COVID-19 has severely hurt the business of every bookseller in L.A. and around the world. Online sales and gift cards, curbside pickups and home deliveries, GoFundMe campaigns — for now, each bookstore has its life support measures. A Good Used Book, like its physical kin, has adapted as best it can, leaning on its Instagram presence to sell books there almost exclusively. (You can find some of its stock on DePop as well.)

The storage lockers Capizzi and Yang call "base camp" are cleaner and more organized than many brick-and-mortar used bookstores.
(Myung J. Chun/Los Angeles Times)

To keep up the rhythm of its pop-ups, A Good Used Book sells at noon on Wednesdays, Saturdays and Sundays. Each book is posted to its Instagram story with its price, condition, publication date and category noted in bubble captions. It’s not the same as flipping through wine crates, but close enough in this new world.
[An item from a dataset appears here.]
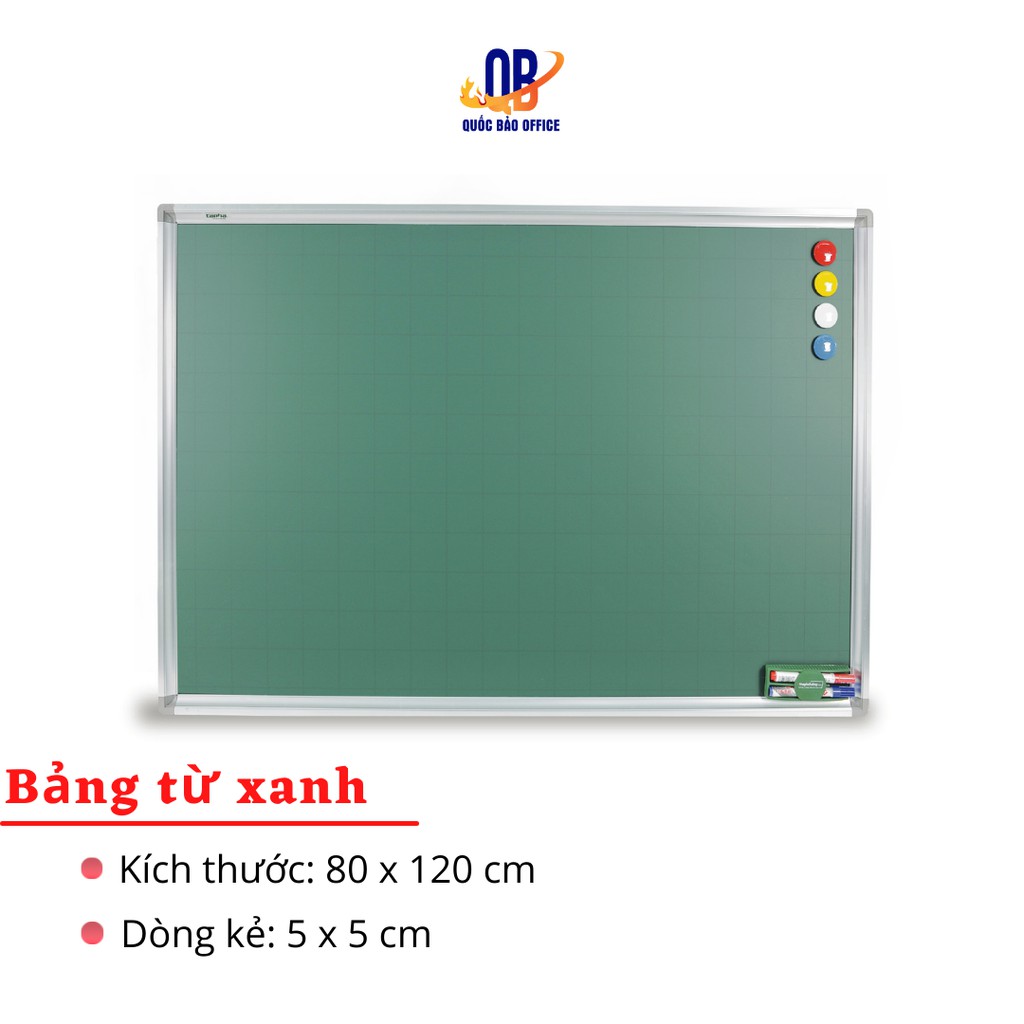 Bảng từ xanh Hàn Quốc 80 x 120 cm cố định - 1 chiếc ( Tặng nam châm bảng + lau bảng + phấn)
Fortunately, sales have been good, and Yang and Capizzi have several months’ worth of stock. The vendor is mailing to every ZIP Code and delivering locally. But the sellers are generating only 20% to 30% of their usual revenue. With their business paperwork in flux, they also don’t qualify for much of the aid offered through a recent government stimulus package. Like indie bookstores and small businesses everywhere, A Good Used Book is crushed by the lack of government support, the lack of empathy from landlords and banks. In spite of it all, Yang and Capizzi are pushing ahead, thankful for the followers they’ve met in person who are now supporting them online, hoping that A Good Used Book will be around after this plague passes, there to greet them at the next pop-up.

“It’s an honor to have the means to continue even in this capacity,” says Capizzi. “We’re luckier than most, even if it doesn’t feel that way. We’ll do it as long as we can, until the very end.”

Bell is a journalist and writer from Santa Monica.